L’intégralité des informations non financières de l’entreprise concernées
Les impacts de cette directive semblent à ce jour assez peu repérés par la majorité des entreprises françaises, et singulièrement par les industries. Ces impacts sont pourtant majeurs : dans les mois et les années à venir, les entreprises vont être progressivement mises en demeure d’identifier et de traiter l’intégralité de l’information non financière qui les concerne. Des grands groupes aux PME, la directive CSRD obligera les acteurs à faire du reporting et de la vérification sur les informations normées en matière de durabilité. C’est en réalité l’intégralité des informations dites ESG (environnementales, sociales et liées à la gouvernance) qui sont ici concernées. Quel est le bilan d’émission de GES de chaque entreprise ? Quels sont les modes de déplacements professionnels des salariés, et avec quel impact carbone ? Comment est réalisé le recyclage des déchets ? Quel est le suivi et la gestion de la consommation de l’eau au sein de l’organisation ? Quelle est la part du chiffre d’affaires dans les activités ayant un impact négatif sur la biodiversité des zones sensibles ? Quelle est l’équité salariale ? Le taux de litiges prud’hommaux ? Le montant alloué au mécénat ? La part des salariés en situation de handicap ? Le nombre d’administrateurs indépendants, et leur pourcentage au sein de la gouvernance ? Le nombre de réunions où la thématique RSE a été mises à l’ordre du jour du conseil d’administration ?

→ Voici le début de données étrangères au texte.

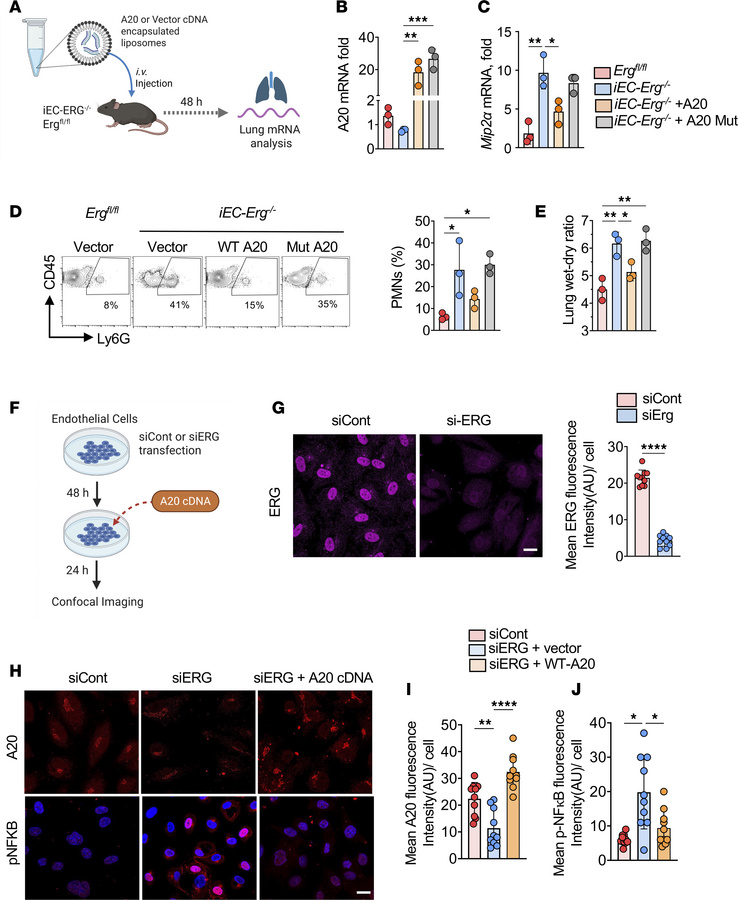 A20 overexpression in Erg-null endothelium suppresses PMN infiltration a...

Une affaire de Big Data à anticiper
Ces quelques exemples montrent l’étendue du champ que les organisations vont prochainement devoir couvrir. Dans un premier temps, les grands groupes (établissements supérieurs à 500 salariés ; chiffre d’affaires supérieur à 40 M€ et/ou 20 M€ de bilan) seront mobilisés : pour eux, le premier reporting aura lieu en 2025, l’exercice de référence étant celui de l’année 2024. Pour les sociétés dont le nombre de salariés dépasse 250 personnes, dont le chiffre d’affaires est supérieur à 400 M€ et/ou le bilan est au-dessus de 20 M€ (également au moins 2 critères remplis), le premier reporting devra être effectué en 2026 (sur l’année de référence 2025). Progressivement, ce seront toutes les entreprises cotées sur le marché réglementé européen qui devront s’inscrire dans cette démarche de Big Data, y-compris les entreprises d’une dizaine de personnes…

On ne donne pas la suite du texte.